Goodbye accomplishes everything it sets out to complete. It rounds out the Ghost of Paul Revere’s discography, letting each of the three songwriters lean into the individual sounds they have developed over the years. It celebrates loss and a departure from the known, while still looking towards the future with a type of hope and familiarity that comes to the Ghost naturally.

My dad and I listened to the album on our way up to Portland for the final Ghostland. We stood at the front of the crowd for hours, watching the opening acts and meeting our temporary neighbors, all who shared as much enthusiasm for the band as we did. When night fell, thousands of people swarmed closer to the stage, locking us all in tight. Governor Janet Mills introduced each band member to the stage with tremendous applause. Two flag-bearers then appeared, vigorously waving two state flags as the band began their “Ballad of 20th Maine,” the true tale of a sailor-turned-soldier who witnessed the bloodshed and eventual victory of the Union at the Battle of Gettysburg. The crowd, full of proud Mainers, was already in a frenzy, screaming the lyrics: “If we should die today, then dream a dream of heaven / take your northern hearts with you to the grave!” The rousing narrative song was an incredible start to what would become an unforgettable evening.

The last song before the encore was “San Antone.” The band played with so much fervor that Sherry broke a guitar string halfway through the song, leaving everyone else to laugh and carry on with the chorus until a replacement guitar was quickly brought on stage. They finished the song even stronger than they started it, leaving the audience in a state of joyful chaos.

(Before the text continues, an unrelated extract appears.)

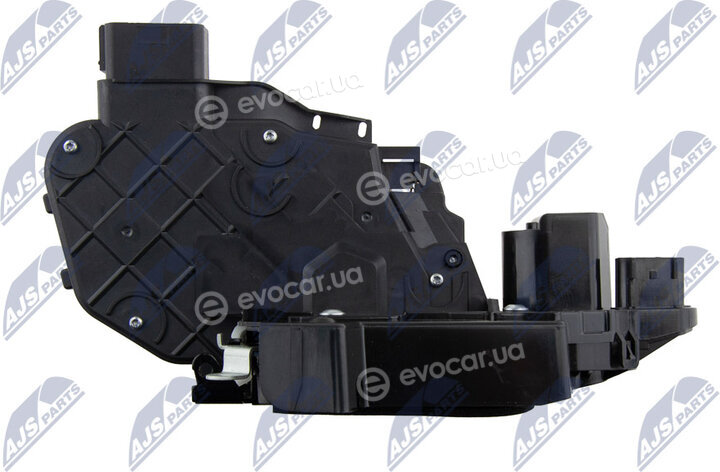 NTY EZC-FR-003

The last of four encore songs was the anticipated “This is the End.” Friends, family, and crew were brought on stage for the band’s final song as The Ghost of Paul Revere. The song, which had resonated for audiences for nearly a decade and closed out countless of the band’s shows, was screamed by over 6,000 people on the banks of the Atlantic Ocean. Sherry, at the center of the stage, hollered the last verse over the crowd: “Well, this bird has flown, this ship has sunk / man, tie my hands and leave me dead in the trunk / just don’t ask me if I’m doing okay,” and the audience, as they had for years before, yelled back, “‘cause I’m not okay!”

Then it was over. The Ghost of Paul Revere left the stage to endless applause. Thousands of fans took their time to leave the venue, slowly trudging back to their own lives. The community that came together at that last Ghostland was unlike anything I had seen before. Everybody in that crowd had their own connections to the songs the band played, and many had a personal connection to the band itself. The Ghost’s music has been so influential on my own life because of the fluid, compelling storytelling in each song. More than that, as I have gotten older and drifted further apart from my family and comforts of my childhood, I have found that their music reminds me of home. The stories they share sound authentically like New England, and many of their songs are about feeling homesick for the same places I miss. The narrators of their songs dream of mountains, of pine trees and snow, of the rough waters of the Atlantic. For over a decade, by writing from their own perspective, the Ghost of Paul Revere has been singing to people like me. People who go out to chase dreams and leave their home behind, relying on folktales and nostalgia to keep them going forward.

There may never be another band that speaks to me like the Ghost of Paul Revere. I know I will keep listening to their music for years to come, even if this truly is the end. However, I think it is best to end with the words of hope that McCarthy shared with the audience halfway through the final Ghostland: “remember, ghosts can never really die.”